* What the task asks *
An image-free, exact copy of the records below is required.

* Dataset *
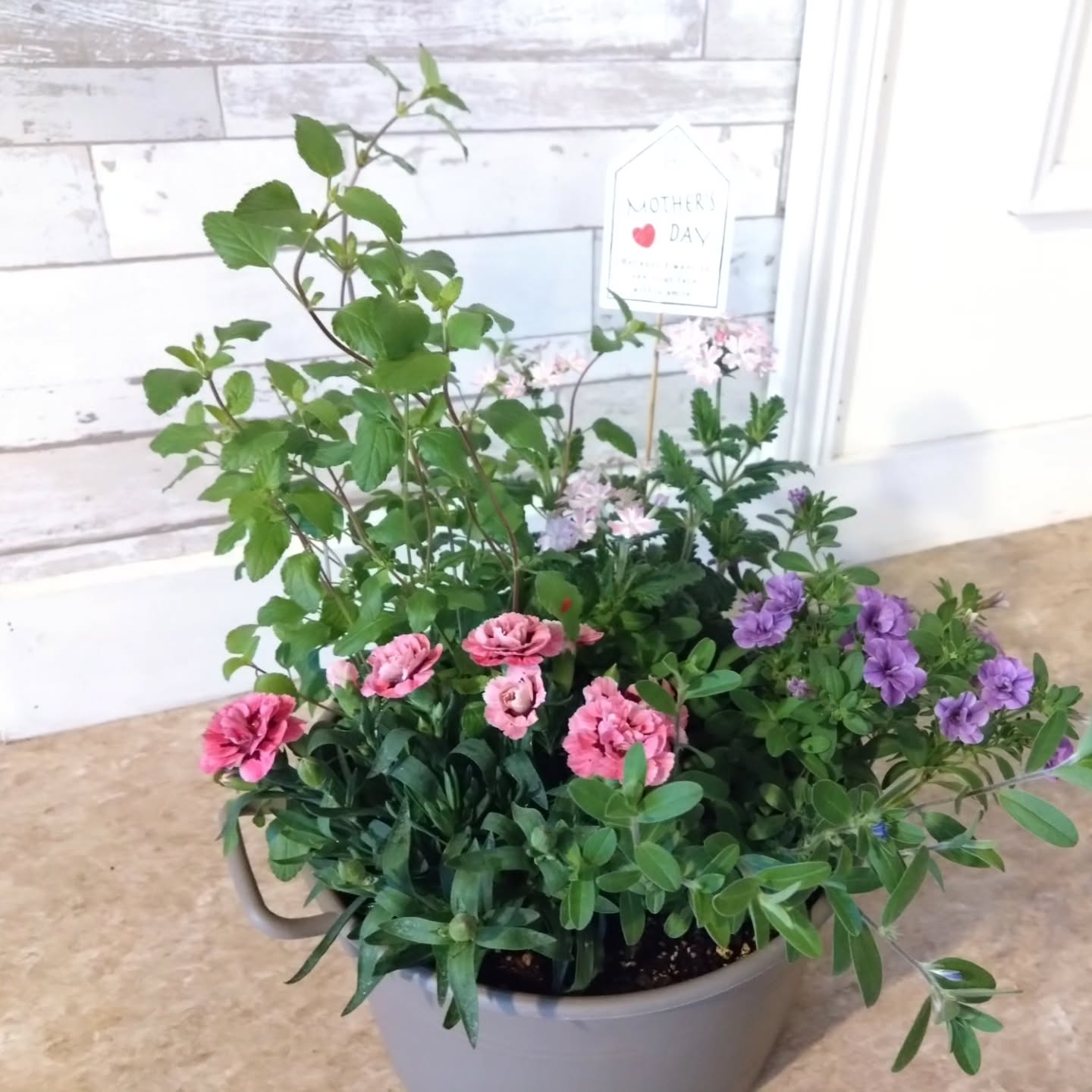 母の日の寄せ植え🌼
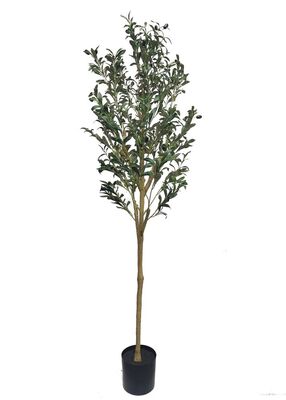 Oliivipuu (160 cm)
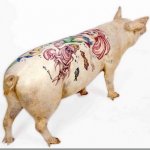Tatuagens em porcos Tatuagens em porcos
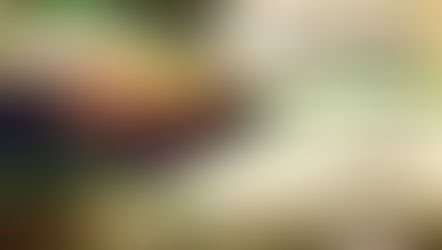 Sindicato Rural de Água Doce realiza Leilão de Novilhas e Reprodutores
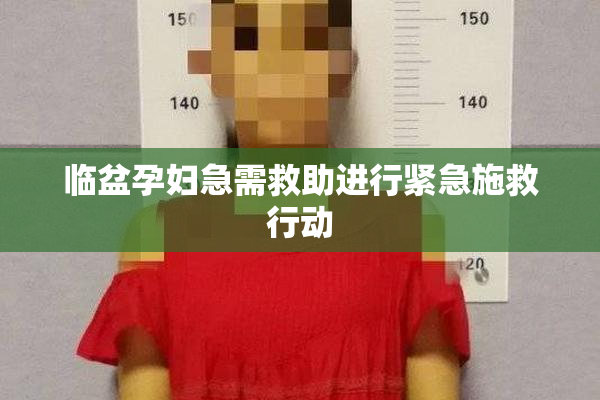 临盆孕妇急需救助进行紧急施救行动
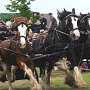 Shire_Horse-G4b(1)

* Exercise response *
 母の日の寄せ植え🌼
 Oliivipuu (160 cm)
Tatuagens em porcos Tatuagens em porcos
 Sindicato Rural de Água Doce realiza Leilão de Novilhas e Reprodutores
 临盆孕妇急需救助进行紧急施救行动
 Shire_Horse-G4b(1)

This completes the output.